PRECISA HAVER MORTE, PARA HAVER NASCIMENTO

O que fiquei pensando depois de assistir ao filme foi que nada aconteceu às personagens de maneira indolor. Tudo foi fruto de uma morte: precisou haver a morte, real ou simbólica, para que as situações se desenrolassem.

Não fosse a morte do suicida do trem, a relação entre Xoan e Julieta talvez não tivesse se iniciado; e se não fosse a morte da esposa de Xoan, talvez essa mesma relação não tivesse se consumado, com o nascimento de Antía.

Penso no que pode ter nascido com a morte de Xoan, fora a relação próxima e dependente de Antía e Julieta, mãe e filha, relação que precisou morrer para que Antía nascesse e fosse “em busca de si”.

E foi necessária essa morte simbólica, a partida de Antía, para que Julieta pudesse recuperar-se – renascer – da morte de Xoan.

Julieta finalmente conseguiu reconstruir a sua vida, aos trancos, mas a dor da ausência de Antía, guardada, veio à tona a partir do encontro casual entre Julieta e Bea, a amiga de infância da filha, levando Julieta mais uma vez ao abismo. A morte do filho de Antía foi o que possibilitou a reaproximação entre ela e a mãe, que buscava em vão a filha distante, sumida, morta.

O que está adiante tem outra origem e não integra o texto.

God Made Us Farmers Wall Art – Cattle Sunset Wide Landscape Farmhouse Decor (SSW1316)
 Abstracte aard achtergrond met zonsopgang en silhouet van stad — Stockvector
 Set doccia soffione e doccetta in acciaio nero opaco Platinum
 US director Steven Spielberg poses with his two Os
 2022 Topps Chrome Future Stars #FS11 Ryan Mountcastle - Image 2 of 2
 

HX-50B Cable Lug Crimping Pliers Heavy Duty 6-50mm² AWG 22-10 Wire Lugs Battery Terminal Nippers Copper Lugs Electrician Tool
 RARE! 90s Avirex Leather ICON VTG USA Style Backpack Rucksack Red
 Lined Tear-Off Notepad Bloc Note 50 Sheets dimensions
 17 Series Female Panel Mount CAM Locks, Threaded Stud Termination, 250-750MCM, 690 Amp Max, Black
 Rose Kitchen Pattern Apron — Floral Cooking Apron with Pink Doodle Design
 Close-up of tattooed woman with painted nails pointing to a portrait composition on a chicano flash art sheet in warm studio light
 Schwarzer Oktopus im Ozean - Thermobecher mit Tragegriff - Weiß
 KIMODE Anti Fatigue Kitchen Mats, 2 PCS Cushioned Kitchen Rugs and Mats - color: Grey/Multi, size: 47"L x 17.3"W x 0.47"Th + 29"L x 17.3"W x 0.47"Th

Angústia é uma palavra adequada para definir o filme, que amplifica a dor de Julieta em sua busca. Ficamos, deste lado, apenas esperando a próxima tragédia acontecer, imersos na atmosfera dramática esquematizada pelo diretor.

Qual será a próxima morte, e o próximo nascimento? Então fiquei pensando se essa pode ser uma definição de melancolia, viver à espera de algo sem solução, para viver para remediar, e novamente esperar, num ciclo.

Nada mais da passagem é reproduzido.